Dialog’s Group Chief Executive Dr. Hans Wijayasuriya told Reuters in an interview on Wednesday that he was planning to restructure costs in network spending, marketing, overheads, administration and human resources. “Due to this cost restructuring... revenue wise it would be an accretion of anywhere between nine and 11 per cent to the Dialog group in 2012. On profit after tax (PAT) level, it’ll be neutral or slightly positive,” Wijayasuriya said.
Analysts have not revised their 2012 forecasts for Dialog since last week’s announcement.
The merger with Suntel, a subsidiary of Swedish telecom operator Overseas Telecom AB, is expected to be completed in next three months.
The merger will boost Dialog’s market share in fixed-line phones to 20 per cent, positioning it as the second player after the top fixed-line operator Sri Lanka Telecom.
Dialog now holds a five per cent market share and is ranked fourth in terms of market revenue share. Wijayasuriya said the merger was a long term investment, which would position the firm as an improved fixed-line operator.
“We and Suntel will work on the cost structure which is capable of delivering a profitable, viable strong fixed-line provider,” he said. “The retail market for fixed is one that will gradually deplete because of mobile substitution.

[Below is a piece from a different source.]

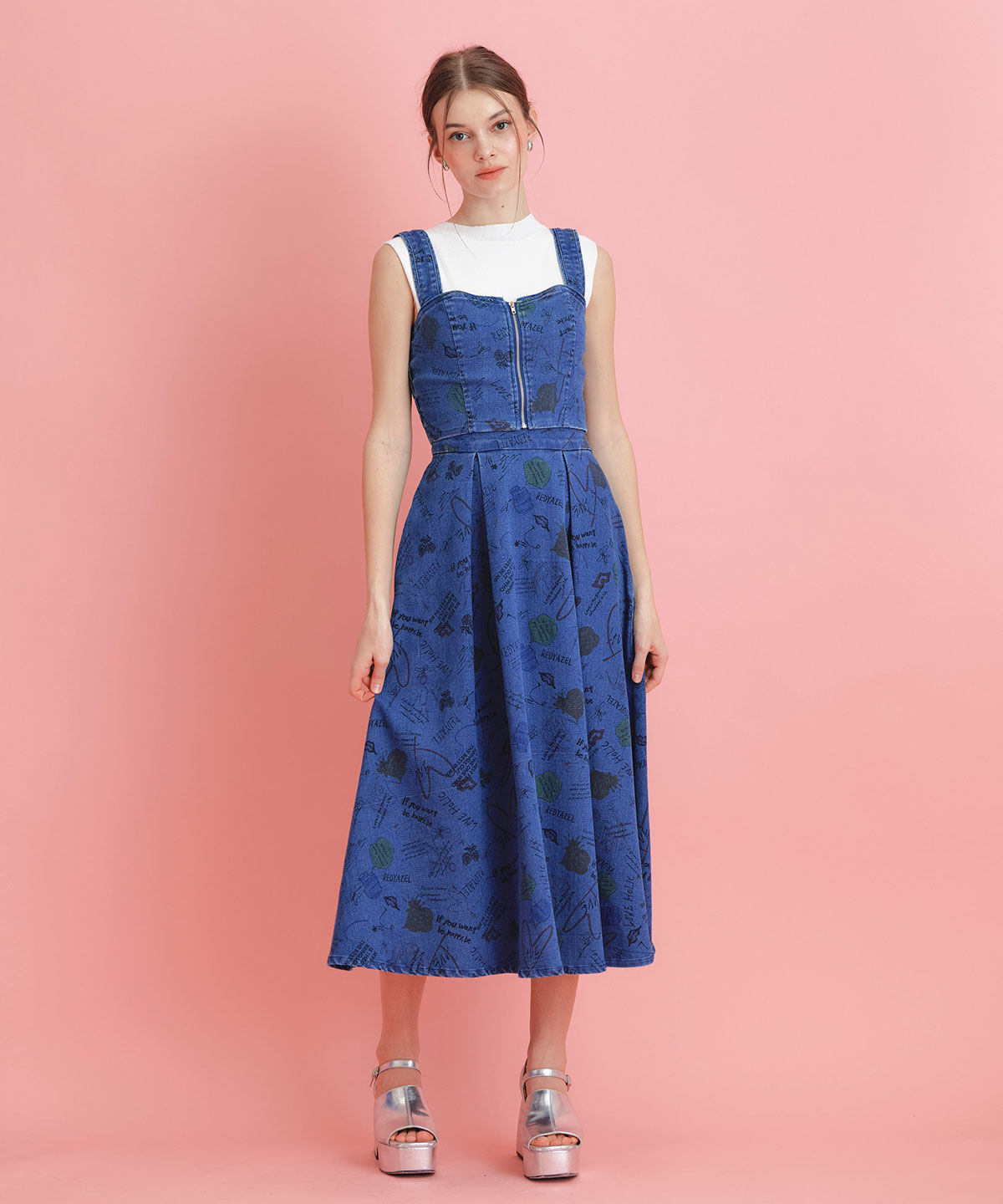 REDYAZEL「LoveArt ロングフレアスカート」|フレア|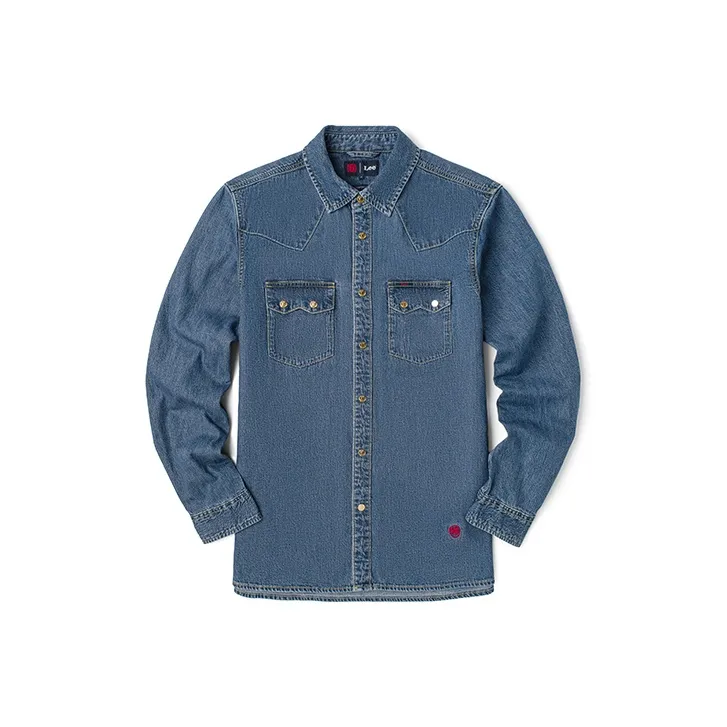 Lee SS22 Solid Color Animal Pattern Geometric Pattern Denim Shirt Spring And Autumn Men's Medium Light Blue-0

Our growing fibre network combined with Suntel’s enterprise base, these two brought together will push us to a very strong position.”
Wijayasuriya also said the group would devote up to $ 25 million in capital expenditure on fibre optic infrastructure and $ 100 million for the overall capex next year, similar to 2011.
The top mobile phone operator has focused on service quality improvement and expansion of capacity amid growing demand for information and communication technology in Sri Lanka.
The merger news failed to boost shares in Dialog, which has fallen 1.3 per cent since then, as the market sees the move as a non-value adding merger to increase the group’s subscriber base.
Dialog is the seventh-largest firm in the Colombo Stock Exchange with a market capitalisation of Rs. 8.14 billion ($ 71.47 million).